[STORED DATA]
_____

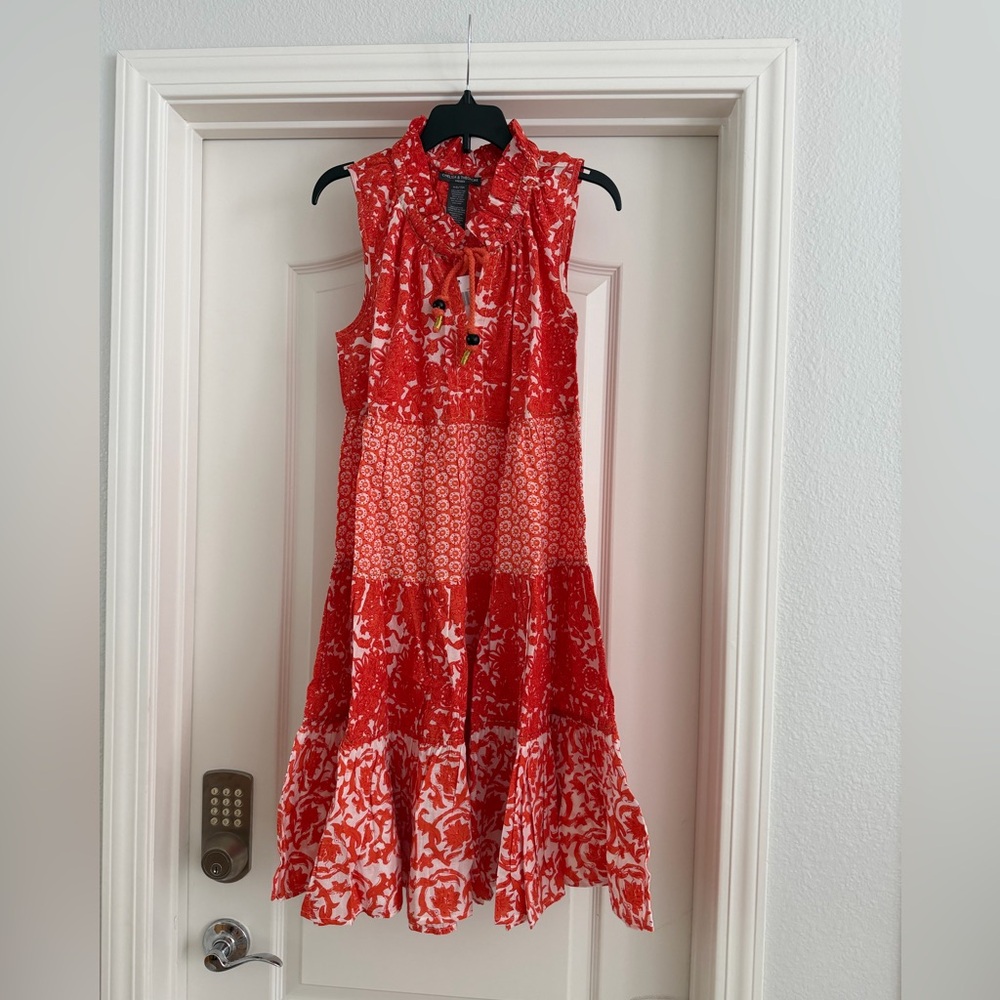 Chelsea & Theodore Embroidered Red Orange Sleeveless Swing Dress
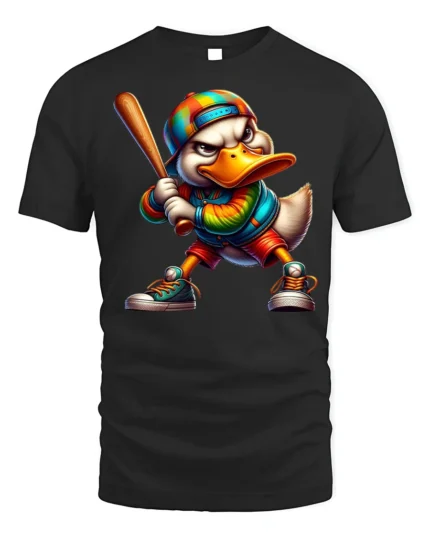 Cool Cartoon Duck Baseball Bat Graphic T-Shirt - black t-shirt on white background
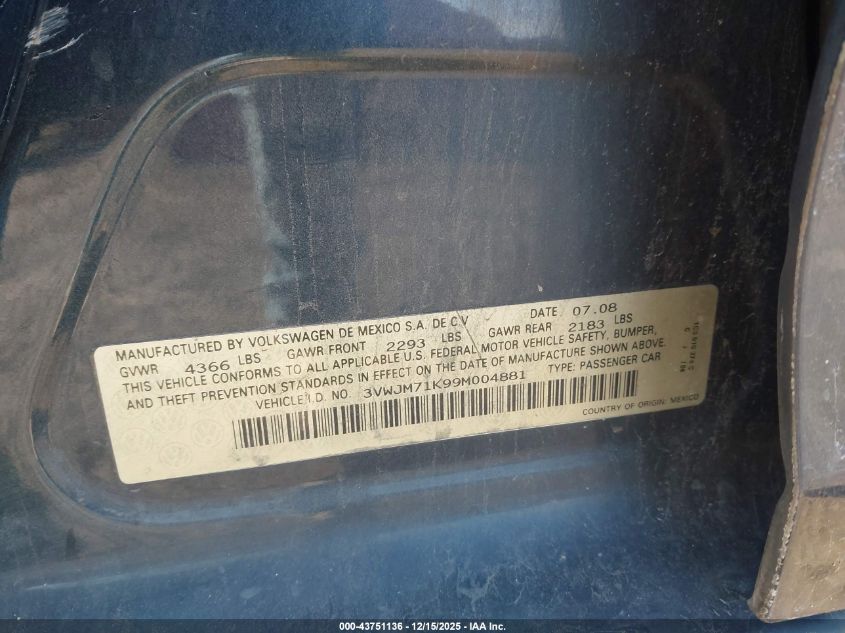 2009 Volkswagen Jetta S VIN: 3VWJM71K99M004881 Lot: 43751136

_____

[THE TASK]
Output the data exactly as it is, with the pictures dropped.

[SOLUTION FOR THIS TASK]
 Chelsea & Theodore Embroidered Red Orange Sleeveless Swing Dress
 Cool Cartoon Duck Baseball Bat Graphic T-Shirt - black t-shirt on white background
 2009 Volkswagen Jetta S VIN: 3VWJM71K99M004881 Lot: 43751136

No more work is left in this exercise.